A plug-and-play JIT implementation for Marshmallow to speed up data serialization and deserialization
Project description
:fire: Deep-Fried Marshmallow – Makes Marshmallow a Chicken Nugget
I need to be honest with you — I have no idea how to compare the speed of a marshmallow and the speed of a chicken nugget. I really liked that headline, though, so let's just assume that a nugget is indeed faster than a marshmallow. So is this project, Deep-Fried Marshmallow, faster than vanilla Marshmallow. Or, to be precise, it makes Marshmallow faster.

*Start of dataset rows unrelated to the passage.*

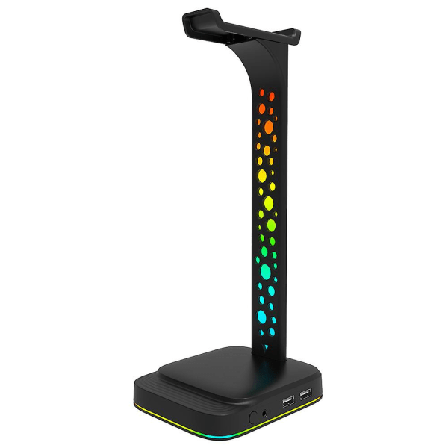 Rgb-kuuloketeline, pelikuulokkeiden pidike, jossa on 2 USB-laturia ja 3,5 mm:n portti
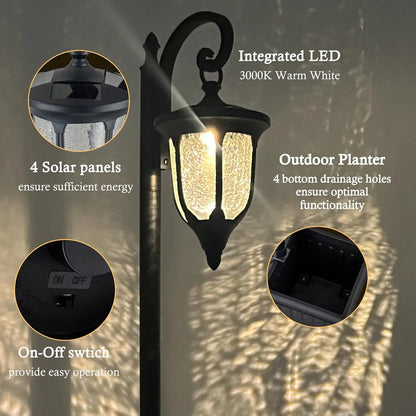 Solar Lamp Post Light with Planter, with Crackle Glass, for Garden Patio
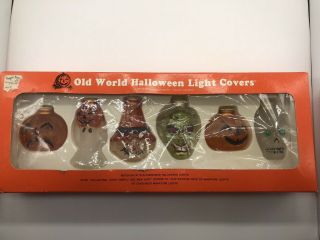 Vtg Old World Halloween Glass Light Covers Set Pumpkin Ghost Witch Skull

Deep-Fried Marshmallow implements a JIT for Marshmallow that speeds up dumping objects 3-5x (depending on your schema). Deep-Fried Marshmallow allows you to have the great API that Marshmallow provides without having to sacrifice performance.
Benchmark Result:
Original Dump Time: 220.50 usec/dump
Original Load Time: 536.51 usec/load
Optimized Dump Time: 58.67 usec/dump
Optimized Load Time: 118.44 usec/load
Speed up for dump: 3.76x
Speed up for load: 4.53x
Deep-Fried Marshmallow is a fork of the great Toasted Marshmallow project that, sadly, has been abandoned for years. Deep-Fried Marshmallow introduces many changes that make it compatible with all latest versions of Marshmallow (3.13+). It also changes the way the library interacts with Marshmallow, which means that code of Marshmallow doesn't need to be forked and modified for the JIT magic to work. That's a whole new level of magic!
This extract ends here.